Geld gibt’s im Container

Modern: Auch der Zugangsbereich wird verlegt und völlig neu gestaltet. Grafik: Raiffeisenbank

Friedewald. Die Kunden der Friedewalder Raiffeisenbank werden zurzeit in einem Container von den Mitarbeitern des Kreditinstituts bedient. Noch bis Mitte September werden die Kunden dieses Provisorium erdulden müssen.

Der Grund für den Umzug in den Container ist der Totalumbau der Zweigstelle der Raiffeisenbank Werratal-Landeck am Fuße des Dreienbergs. „Das Haus wird komplett saniert und umgestaltet. Lediglich die Hülle bleibt erhalten“, erklärt Bankvorstand Matthias Seim. Die Kosten der energetischen Grundsanierung belaufen sich nach Angaben Seims auf über 500 000 Euro.
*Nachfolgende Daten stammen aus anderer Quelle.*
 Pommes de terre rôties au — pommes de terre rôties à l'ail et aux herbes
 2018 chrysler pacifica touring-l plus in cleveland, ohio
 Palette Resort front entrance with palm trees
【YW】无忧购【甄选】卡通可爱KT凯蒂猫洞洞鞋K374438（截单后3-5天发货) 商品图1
Nach Abschluss der Umbauarbeiten sollen künftig vier statt bisher drei Mitarbeiter in der Zweigstelle in Friedewald arbeiten. „Das ist ein klares Bekenntnis zum Standort“, führt Seim weiter aus.
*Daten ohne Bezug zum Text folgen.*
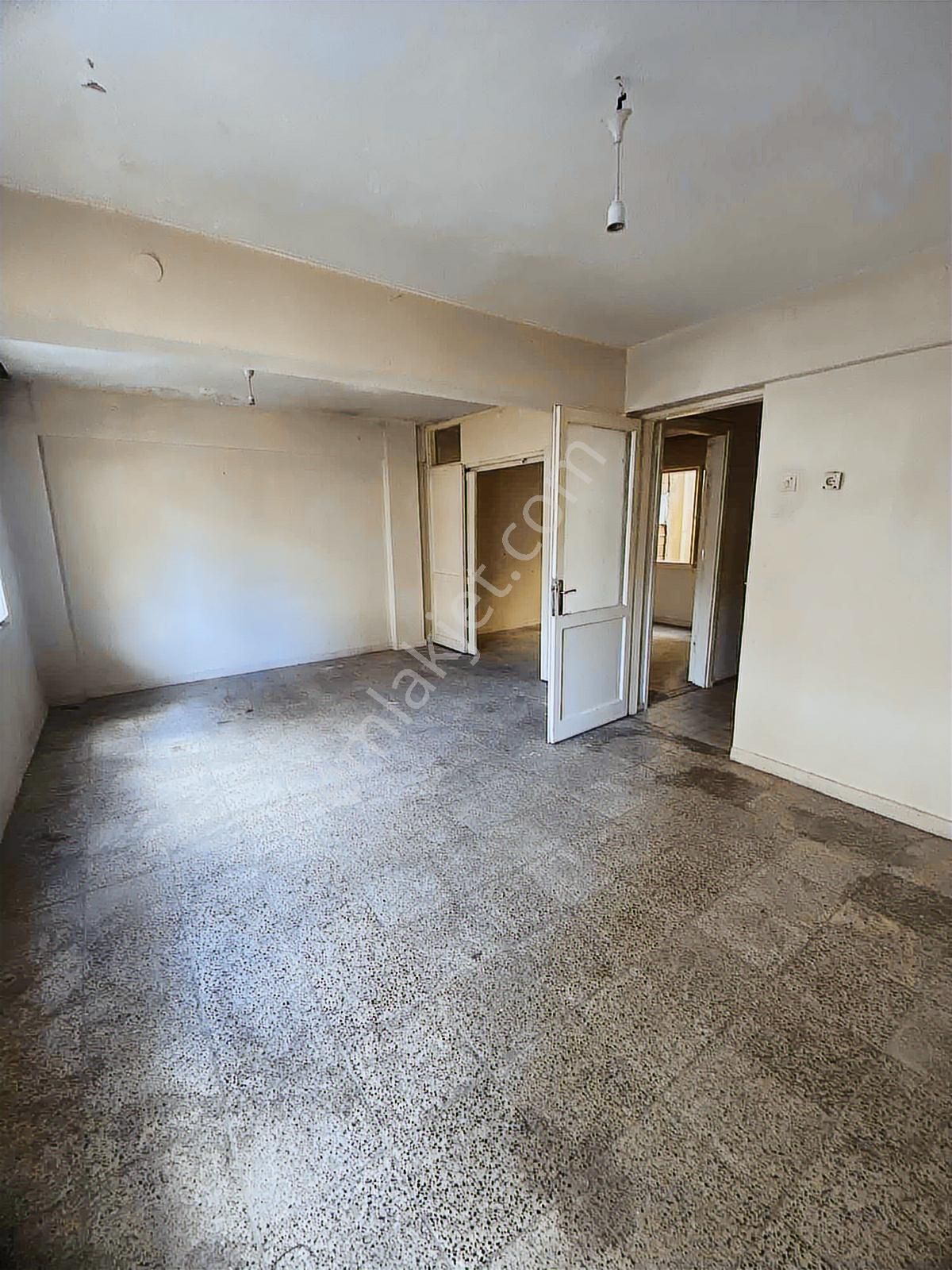 Divaland Gayrimenkulden Cumhuriyet Mahallesinde Satılık 3+1 - Görsel 7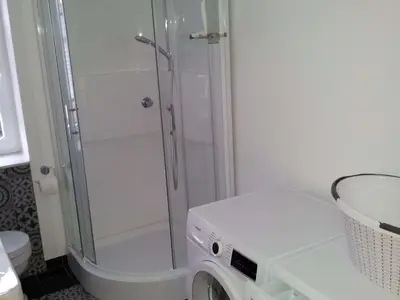 Bad/Dusche. Duschbad mit Waschmaschine und Trockner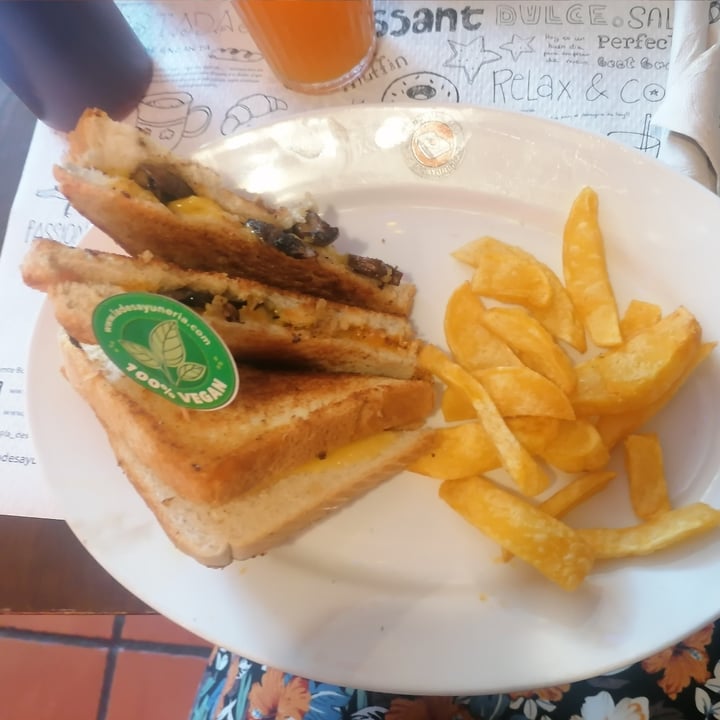 photo of La Desayunería Grilled Cheese Sandwich shared by @lauretalaulau on  24 Aug 2022 - review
Mit den jeweils zwei Service- und Kundenberatern will die Raiffeisenbank entschieden mehr Präsenz zeigen. „Wir benötigen schlagkräftige Einheiten. Mit den jetzt angefangenen Bauarbeiten legen wir in Friedewald den Grundstein für eine erfolgreiche Zukunft unserer Bank“, ist sich der Vorstand sicher. Gerne hätten Seim und seine Mitstreiter die Filiale in Friedewald komplett behindertengerecht ausgebaut, doch die Rampe, die neu installiert wird, hat wegen der Lage des Hauses eine leichte Steigung. „Ich bin mir aber sicher, dass im Bedarfsfall unsere Mitarbeiter den hilfsbedürftigen Kunden auf dem Weg ins Haus behilflich sein werden“, merkt Seim an.